Tally up the lines below that include the word "Rover". Answer with the number alone.

[[ Exercise material open ]]

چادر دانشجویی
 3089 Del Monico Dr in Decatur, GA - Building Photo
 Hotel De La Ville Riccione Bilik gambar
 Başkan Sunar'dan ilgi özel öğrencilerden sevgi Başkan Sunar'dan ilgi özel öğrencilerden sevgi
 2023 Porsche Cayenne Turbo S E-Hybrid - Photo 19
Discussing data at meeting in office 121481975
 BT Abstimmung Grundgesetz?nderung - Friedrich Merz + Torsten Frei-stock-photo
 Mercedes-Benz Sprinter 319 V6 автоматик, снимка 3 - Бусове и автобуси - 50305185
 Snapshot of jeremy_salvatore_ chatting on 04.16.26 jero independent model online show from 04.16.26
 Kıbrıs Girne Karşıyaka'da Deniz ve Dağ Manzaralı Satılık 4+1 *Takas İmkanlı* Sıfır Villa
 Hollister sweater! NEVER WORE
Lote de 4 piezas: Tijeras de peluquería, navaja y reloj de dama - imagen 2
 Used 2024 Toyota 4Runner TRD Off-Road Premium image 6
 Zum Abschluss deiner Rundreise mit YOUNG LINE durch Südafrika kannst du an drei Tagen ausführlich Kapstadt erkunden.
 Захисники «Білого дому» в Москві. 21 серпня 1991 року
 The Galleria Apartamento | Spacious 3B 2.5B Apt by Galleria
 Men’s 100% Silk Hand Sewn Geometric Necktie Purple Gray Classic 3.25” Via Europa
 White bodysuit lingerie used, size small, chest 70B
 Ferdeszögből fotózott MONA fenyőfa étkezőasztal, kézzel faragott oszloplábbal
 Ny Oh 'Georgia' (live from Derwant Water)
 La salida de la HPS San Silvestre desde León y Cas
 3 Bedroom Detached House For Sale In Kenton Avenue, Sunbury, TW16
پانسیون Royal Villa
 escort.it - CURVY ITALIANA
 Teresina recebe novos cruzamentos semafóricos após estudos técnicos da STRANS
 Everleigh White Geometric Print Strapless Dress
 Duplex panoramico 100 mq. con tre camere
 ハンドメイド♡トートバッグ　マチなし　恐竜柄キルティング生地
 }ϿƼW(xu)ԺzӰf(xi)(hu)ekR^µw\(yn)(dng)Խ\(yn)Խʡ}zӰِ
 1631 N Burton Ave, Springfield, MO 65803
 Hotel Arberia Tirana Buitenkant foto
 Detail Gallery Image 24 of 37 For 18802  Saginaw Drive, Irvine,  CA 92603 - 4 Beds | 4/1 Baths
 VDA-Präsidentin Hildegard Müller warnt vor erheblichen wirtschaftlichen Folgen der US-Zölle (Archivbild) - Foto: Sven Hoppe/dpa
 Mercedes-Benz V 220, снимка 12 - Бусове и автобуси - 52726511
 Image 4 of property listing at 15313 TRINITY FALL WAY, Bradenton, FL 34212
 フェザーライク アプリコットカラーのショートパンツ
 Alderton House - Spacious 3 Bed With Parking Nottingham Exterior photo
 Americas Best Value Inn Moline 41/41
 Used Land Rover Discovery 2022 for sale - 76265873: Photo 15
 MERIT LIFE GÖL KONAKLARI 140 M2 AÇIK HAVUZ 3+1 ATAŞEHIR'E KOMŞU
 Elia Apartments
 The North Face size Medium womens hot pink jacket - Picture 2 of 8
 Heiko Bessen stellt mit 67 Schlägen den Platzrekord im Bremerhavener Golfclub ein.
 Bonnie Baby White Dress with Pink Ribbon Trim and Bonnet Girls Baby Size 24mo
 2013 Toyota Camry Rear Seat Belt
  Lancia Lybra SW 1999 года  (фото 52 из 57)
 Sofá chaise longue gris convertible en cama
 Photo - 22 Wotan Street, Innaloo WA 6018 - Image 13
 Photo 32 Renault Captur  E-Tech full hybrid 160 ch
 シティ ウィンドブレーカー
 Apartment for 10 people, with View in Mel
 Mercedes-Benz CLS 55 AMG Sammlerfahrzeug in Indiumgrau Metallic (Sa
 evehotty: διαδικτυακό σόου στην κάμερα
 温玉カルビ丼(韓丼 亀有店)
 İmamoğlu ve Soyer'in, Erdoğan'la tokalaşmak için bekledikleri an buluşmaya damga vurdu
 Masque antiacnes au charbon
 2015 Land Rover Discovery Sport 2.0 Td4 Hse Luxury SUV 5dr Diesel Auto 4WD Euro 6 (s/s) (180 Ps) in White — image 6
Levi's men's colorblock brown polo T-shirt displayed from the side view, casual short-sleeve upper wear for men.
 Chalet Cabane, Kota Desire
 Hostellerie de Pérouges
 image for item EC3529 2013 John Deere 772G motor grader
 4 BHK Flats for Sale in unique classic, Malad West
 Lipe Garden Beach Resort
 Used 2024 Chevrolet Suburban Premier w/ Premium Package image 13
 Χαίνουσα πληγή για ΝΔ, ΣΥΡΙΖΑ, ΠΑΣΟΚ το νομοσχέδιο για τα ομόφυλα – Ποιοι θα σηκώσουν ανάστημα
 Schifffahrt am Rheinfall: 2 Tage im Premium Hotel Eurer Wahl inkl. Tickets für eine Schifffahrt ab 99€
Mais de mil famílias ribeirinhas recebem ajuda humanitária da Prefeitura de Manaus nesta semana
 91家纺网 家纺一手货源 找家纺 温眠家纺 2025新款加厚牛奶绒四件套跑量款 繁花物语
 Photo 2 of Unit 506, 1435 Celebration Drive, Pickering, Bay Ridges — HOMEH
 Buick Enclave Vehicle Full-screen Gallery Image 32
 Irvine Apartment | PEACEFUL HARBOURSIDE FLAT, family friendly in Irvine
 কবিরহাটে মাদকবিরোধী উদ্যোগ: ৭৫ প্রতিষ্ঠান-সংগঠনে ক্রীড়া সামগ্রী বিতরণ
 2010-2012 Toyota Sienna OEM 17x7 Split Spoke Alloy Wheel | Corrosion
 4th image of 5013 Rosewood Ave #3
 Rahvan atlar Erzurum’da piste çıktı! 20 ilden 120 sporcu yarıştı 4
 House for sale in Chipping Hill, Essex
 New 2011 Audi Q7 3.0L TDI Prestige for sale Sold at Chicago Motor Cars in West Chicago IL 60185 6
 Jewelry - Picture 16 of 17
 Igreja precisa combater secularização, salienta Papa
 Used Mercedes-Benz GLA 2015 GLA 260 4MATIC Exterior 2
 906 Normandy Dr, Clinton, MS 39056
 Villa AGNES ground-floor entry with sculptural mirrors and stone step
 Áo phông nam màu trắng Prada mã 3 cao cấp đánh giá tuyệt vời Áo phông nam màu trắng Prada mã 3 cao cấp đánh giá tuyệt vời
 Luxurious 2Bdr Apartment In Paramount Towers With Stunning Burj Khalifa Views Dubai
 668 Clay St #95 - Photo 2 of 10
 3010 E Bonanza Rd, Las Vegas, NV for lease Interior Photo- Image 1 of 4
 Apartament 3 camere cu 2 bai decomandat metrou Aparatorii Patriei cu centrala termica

[[ Exercise material closed ]]

Worked solution:
2